Die Kommission soll laut Entwurf für die Zeit ab 2007 - nachdem die heute regierende PiS abgewählt wurde - ermitteln, ob es russische Einflüsse auf die polnische Politik gab. Dazu gehört beispielsweise der Abschluss von Verträgen, die russischen Einfluss begünstigen könnten, und die Weitergabe relevanter Informationen an Dritte. Gegebenenfalls Verantwortliche können dann de facto politisch kaltgestellt werden - ohne Gerichtsverfahren, ohne Berufungsmöglichkeit und ohne Rechtfertigungspflicht gegenüber Dritten.
Opposition spricht von "Lex Tusk"
Kritiker werfen der nationalkonservativen Regierung vor, sie ziele mit dem Gesetz wenige Monate vor der Wahl vor allem auf eine Diskreditierung des Oppositionsführers Donald Tusk ab - die Opposition spricht gar von einem "Lex Tusk". Der ehemalige Regierungschef ist der einzige ernstzunehmende Gegner der PiS. Die Regierungspartei wirft ihm vor, er sei als Ministerpräsident von 2007 bis 2014 zu nachgiebig gegenüber Russland gewesen.
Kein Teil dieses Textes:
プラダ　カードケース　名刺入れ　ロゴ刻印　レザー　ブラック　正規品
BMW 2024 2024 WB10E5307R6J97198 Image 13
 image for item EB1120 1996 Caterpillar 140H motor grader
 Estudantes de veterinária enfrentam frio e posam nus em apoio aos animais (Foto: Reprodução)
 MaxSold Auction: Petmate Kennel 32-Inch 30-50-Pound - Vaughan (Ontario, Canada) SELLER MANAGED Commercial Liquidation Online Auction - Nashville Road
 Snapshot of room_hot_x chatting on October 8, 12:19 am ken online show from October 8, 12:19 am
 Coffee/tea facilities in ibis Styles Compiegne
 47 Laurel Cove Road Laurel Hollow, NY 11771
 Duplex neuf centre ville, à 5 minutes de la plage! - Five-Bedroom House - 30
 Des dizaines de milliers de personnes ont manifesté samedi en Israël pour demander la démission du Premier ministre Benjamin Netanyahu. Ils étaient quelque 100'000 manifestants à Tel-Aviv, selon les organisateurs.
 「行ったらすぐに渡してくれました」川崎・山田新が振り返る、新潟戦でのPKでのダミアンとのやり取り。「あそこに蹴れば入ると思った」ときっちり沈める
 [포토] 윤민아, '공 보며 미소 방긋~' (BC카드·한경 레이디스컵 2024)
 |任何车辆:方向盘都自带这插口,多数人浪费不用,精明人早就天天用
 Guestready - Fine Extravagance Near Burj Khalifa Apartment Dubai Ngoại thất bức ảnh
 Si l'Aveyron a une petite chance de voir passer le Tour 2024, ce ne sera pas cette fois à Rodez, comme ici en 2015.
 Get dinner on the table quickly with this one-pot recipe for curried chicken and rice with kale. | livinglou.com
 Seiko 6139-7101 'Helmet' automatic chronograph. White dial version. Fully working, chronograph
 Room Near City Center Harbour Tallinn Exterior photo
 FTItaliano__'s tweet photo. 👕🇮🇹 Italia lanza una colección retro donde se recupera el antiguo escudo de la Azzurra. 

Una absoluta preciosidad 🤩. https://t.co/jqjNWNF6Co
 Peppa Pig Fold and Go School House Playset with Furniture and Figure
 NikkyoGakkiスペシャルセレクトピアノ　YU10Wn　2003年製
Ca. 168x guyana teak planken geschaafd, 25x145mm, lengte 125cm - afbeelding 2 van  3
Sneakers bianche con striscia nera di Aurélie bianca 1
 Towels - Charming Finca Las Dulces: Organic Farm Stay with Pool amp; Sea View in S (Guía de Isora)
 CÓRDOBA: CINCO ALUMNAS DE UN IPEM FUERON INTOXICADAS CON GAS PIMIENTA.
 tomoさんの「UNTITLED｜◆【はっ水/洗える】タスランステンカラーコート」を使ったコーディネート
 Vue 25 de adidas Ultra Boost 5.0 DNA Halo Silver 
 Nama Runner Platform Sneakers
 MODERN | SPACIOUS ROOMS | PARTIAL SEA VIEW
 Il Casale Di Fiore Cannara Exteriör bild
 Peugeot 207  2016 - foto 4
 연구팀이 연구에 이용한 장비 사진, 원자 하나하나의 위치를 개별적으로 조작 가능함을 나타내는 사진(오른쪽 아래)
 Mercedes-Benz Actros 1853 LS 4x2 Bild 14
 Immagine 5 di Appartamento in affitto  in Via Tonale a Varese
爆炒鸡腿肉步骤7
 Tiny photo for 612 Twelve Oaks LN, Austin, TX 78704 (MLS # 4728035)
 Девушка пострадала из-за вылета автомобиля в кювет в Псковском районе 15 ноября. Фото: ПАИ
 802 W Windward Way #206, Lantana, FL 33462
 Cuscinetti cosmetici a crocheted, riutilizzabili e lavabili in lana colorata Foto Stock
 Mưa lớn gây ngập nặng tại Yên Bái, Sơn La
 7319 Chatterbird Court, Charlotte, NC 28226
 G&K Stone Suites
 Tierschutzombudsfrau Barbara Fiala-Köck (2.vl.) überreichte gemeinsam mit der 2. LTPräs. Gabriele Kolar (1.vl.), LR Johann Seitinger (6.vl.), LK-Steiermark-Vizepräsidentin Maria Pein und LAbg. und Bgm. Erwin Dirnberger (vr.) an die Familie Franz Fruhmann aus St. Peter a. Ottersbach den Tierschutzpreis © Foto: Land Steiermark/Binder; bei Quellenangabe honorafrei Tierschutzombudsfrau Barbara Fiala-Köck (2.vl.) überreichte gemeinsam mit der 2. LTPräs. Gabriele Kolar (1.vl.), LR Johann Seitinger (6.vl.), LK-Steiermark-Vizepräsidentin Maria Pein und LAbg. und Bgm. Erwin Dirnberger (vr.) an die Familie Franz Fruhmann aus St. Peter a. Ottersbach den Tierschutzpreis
Er habe Gas-Geschäfte vereinbart, die Russland Vorteile verschafft hätten.
Das Gesetz wäre auch geeignet, andere politische Gegner der Regierungspartei von Wahlen auszuschließen. Unter anderem soll die Kommission Funktionsträger für eine Dauer von bis zu zehn Jahren von der Übernahme eines Amts sperren können, wenn dieses Amt auch die Kontrolle über öffentliche Gelder beinhaltet. Einzelne Kommentare in polnischen Medien sprechen bereits vom Beginn einer Diktatur.
Experten zufolge verstößt das Gesetz gegen die Verfassung. Die Opposition hatte Duda aufgefordert, es abzulehnen. Der Präsident begründete die Unterzeichnung nun damit, dass auch in den USA und in einigen anderen Ländern in Europa über den Einfluss Russlands auf die Politik diskutiert werde.
Opposition spricht von "Schande"
Vertreter der Opposition nannten das Gesetz eine "Schande". Tusk reagierte mit Ironie. "Herr Präsident, ich lade Sie zu einer öffentlichen Beratung am 4. Juni ein. Wir werden von den Fenstern Ihres Palastes aus gut zu hören und zu sehen sein. Kommen Sie?", schrieb er auf Twitter. Für den 4. Juni hat seine Partei Bürgerplattform in Warschau zu einer Demonstration gegen die Politik der PiS aufgerufen.
Duda selbst sagte, russischer Einfluss habe zu vielen Turbulenzen geführt, deren Ergebnis unter anderem der Angriffskrieg gegen die Ukraine und die Energieprobleme in Europa seien. "Es gibt deshalb keinerlei Zweifel, dass das aufgeklärt werden muss." Gleichzeitig werde er das Verfassungsgericht mit einer Prüfung des Gesetzes beauftragen.
Die neue Kommission soll sich aus neun Personen zusammensetzen, die vom Unterhaus des polnischen Parlaments, dem Sejm, ernannt werden. Dort hat die PiS die Mehrheit.